What You Can Find on the BCFP Consumer Complaint Database
Last week, Acting Director of the BCFP Mick Mulvaney told bankers that he had plans to make the agency’s consumer complaints database no longer visible to the public. In light of this, deBanked searched the agency’s complaint database. While there were numerous grievances that consumers reported because they could not fully resolve an issue with a financial service company on their own, we also found a host of questionable entries that leave much to be desired about the underlying issue and resolution sought.
Part of a complaint from last April against Bank of America reads as follows:
“The XXXX XXXX XXXX Police Beat you up XXXX Times and dont file Charges 5 times stays on youre record and you cant get Residency. All Countries murder the XXXX XXXX collect there benefits indefinitely After youre XXXX.”
Another complaint against Wells Fargo from December of last year reads:
“They are lower than pond scum and belong in prison. both XXXX XXXX executive resolution specialist and XXXX XXXX Sr. VP refuse to return my calls.”
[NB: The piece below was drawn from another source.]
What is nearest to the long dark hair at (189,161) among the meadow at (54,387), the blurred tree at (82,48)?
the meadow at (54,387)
And yet another complaint against U.S. Bancorp from July of last year asserts that a certain fraud department is:
“full of shit.”
Others are incomplete, like the following complaint against Experian from earlier this month:
“I’m an authorized user on this account but did not sign up for this on XXXX account.”
Taking the consumer complaints database out of public view could benefit lenders from complaints that have not been fully vetted. A consequence of it being public is that an independent party could paint a picture about a financial company’s behavior by simply tallying the raw number of complaints, regardless of whether those complaints are genuine.
Such a thing has been done. Several months ago, LendEDU published a ranking system of banks by the number of complaints they have received, placing Wells Fargo and Bank of America in the #1 and #2 spots respectively. Time Magazine picked up that story and presented it as “20 Banks That Consumers Loved to Hate in 2017” and ranked the number of complaints to the banks’ total deposits. Minnesota-based TCF Bank was crowned the worst.
Among some of the complaints that deBanked reviewed about TCF Bank did not even appear to be complaints at all. Interspersed with seemingly real grievances were some rather general questions or comments like how to view an account balance, how to access your account information through the mobile app, a purported compliment about the bank’s service that was nonetheless attributed to them as a complaint, and complaints about other companies that did not even mention TCF Bank but nonetheless counted as a complaint against them. All of these counted toward their complaint totals regardless of the content.